Capillary forces must be suppressed, i.e., IFT must be reduced, for oil production from low-permeability reservoirs. The IFT decreases to zero if the miscibility of the gas and oil increases (in mixed displacement). The miscibility of the oil and gas could be increased if a slug of C3+ hydrocarbons was injected before the gas. A study of the influence of pretreatment with the PBF on the oil-extracting characteristics of methane (Table 3) showed that injecting a slug of the PBF could increase the miscibility from unmixed to mixed displacement for extraction of oil using PBF + methane. The mixture of light PBF-type hydrocarbons would be produced in the field because Tyumen suite oil usually has a high gas factor.

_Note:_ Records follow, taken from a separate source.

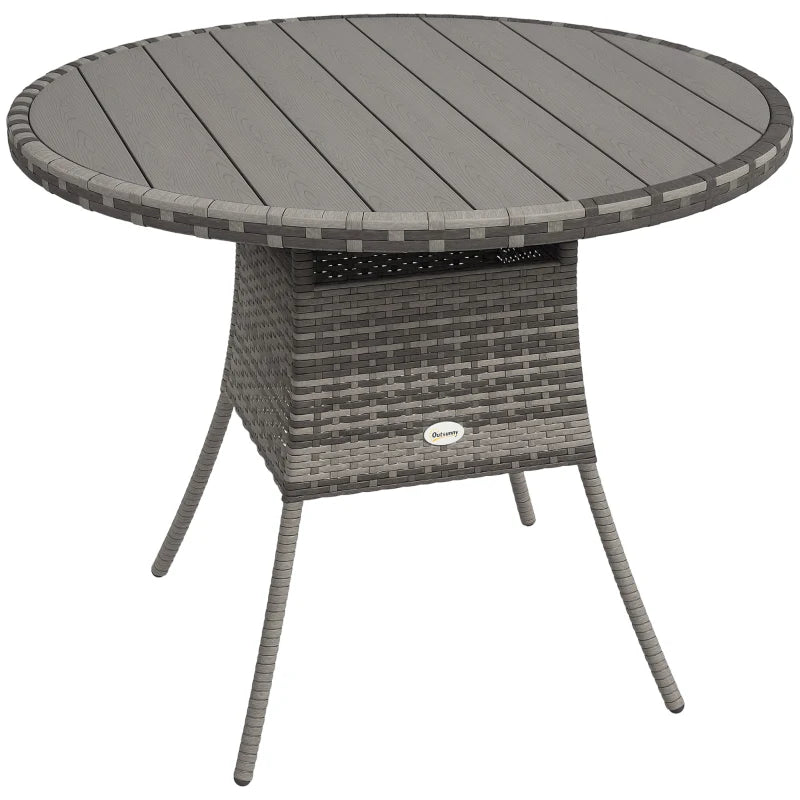 35.4" Outdoor Wicker Dining Table, PE Rattan Patio Furniture with Wood-plastic Composite Top, Grey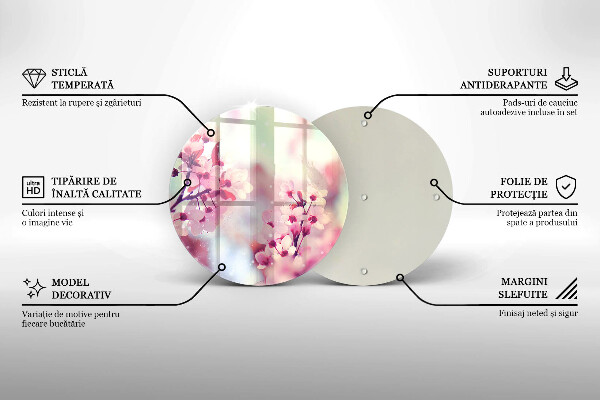 Tábua de corte Flores rosas da primavera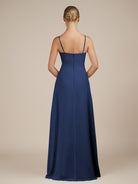 KissDress-Jovienne Navy Sheath Scoop Neck Chiffon Long Bridesmaid Dress with Slit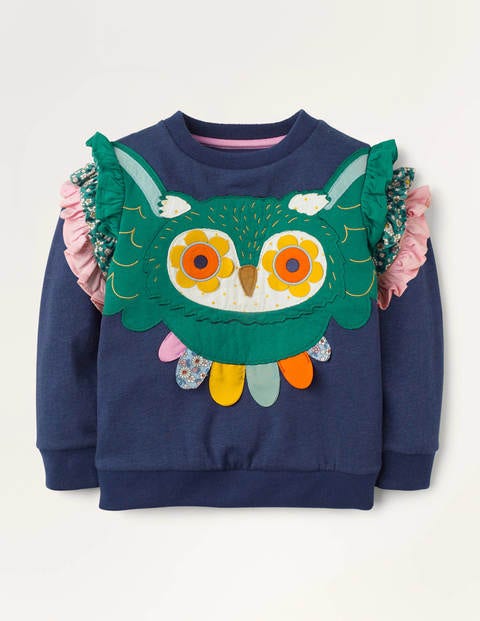 Owl Appliqué Sweatshirt - College Navy Owl Owl Appliqué Sweatshirt - College Navy Owl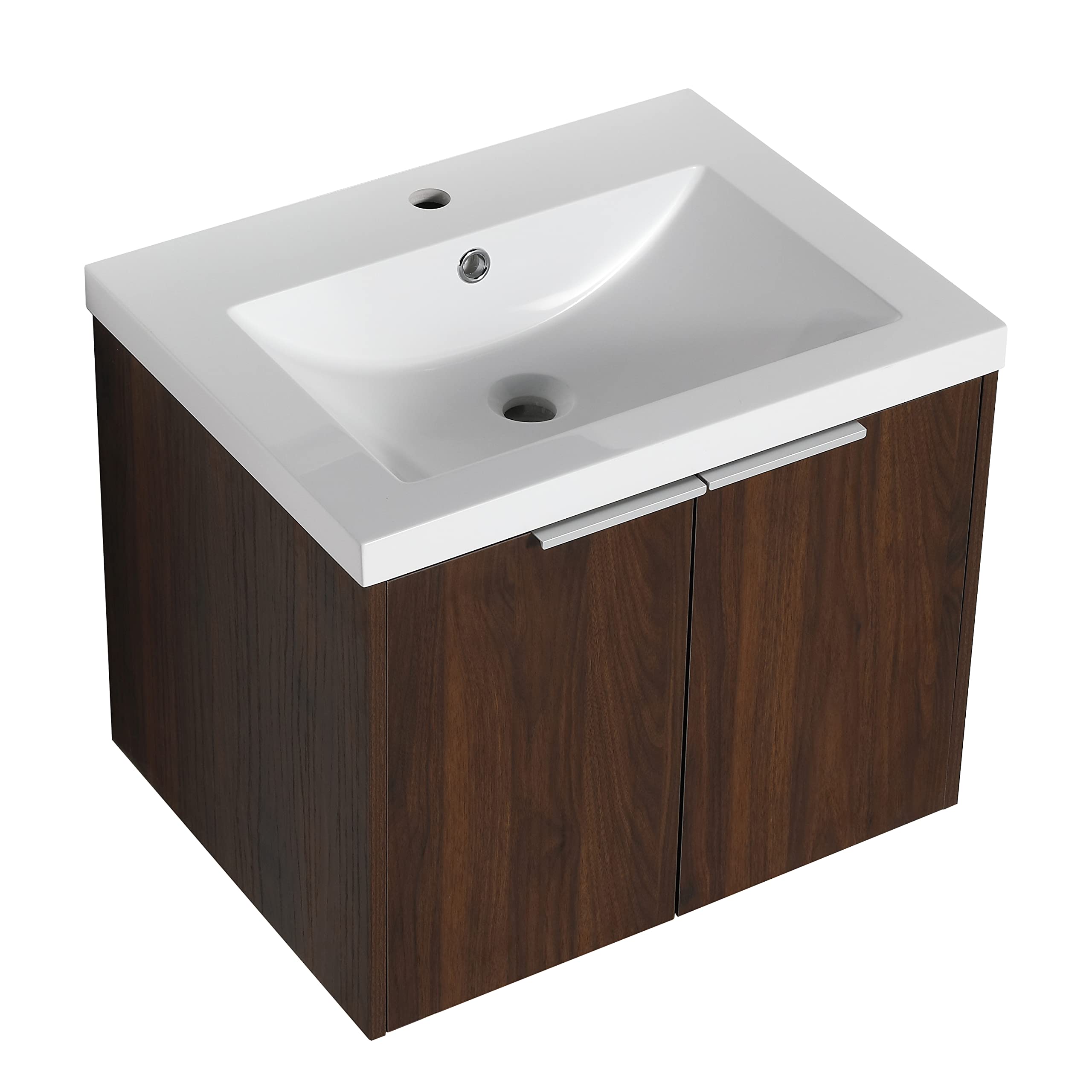 Yoluckea 30 Inch Wall Mounted Bathroom Vanity with Sink - Modern Floating Vanity Cabinet with Soft Close Doors - Space Saving Bathroom Storage Solution for Small Bathrooms & Powder Rooms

It is noteworthy that the TGT gas agent should be inert to rock. Its use to extract oil should not reduce the permeability of clayey rock, which could be observed for oil extraction by H2O.

Thus, the research found that:

  • the intrastratal transformation product of air was a highly efficient oil-extracting agent under the conditions of Jurassic reservoirs;

  • oils from different fields were oxidized at approximately equal rates, i.e., HPAI could be used at practically any light-oil field without additional research;

  • the induction period of the main oil autooxidation step was rather short for reservoir temperatures >60-70°C, which ensured safe performance of the process;

  • the miscibility of the gas could be increased to full miscibility with oil by injecting a PBF slug [or analogous broad fraction of light hydrocarbons (BFLH)];

  • a combination of horizontal drilling, MHFR, HPAI, and a BFLH slug was recommended for developing Tyumen suite oil reserves in order to increase the miscibility of the oil and gas agent.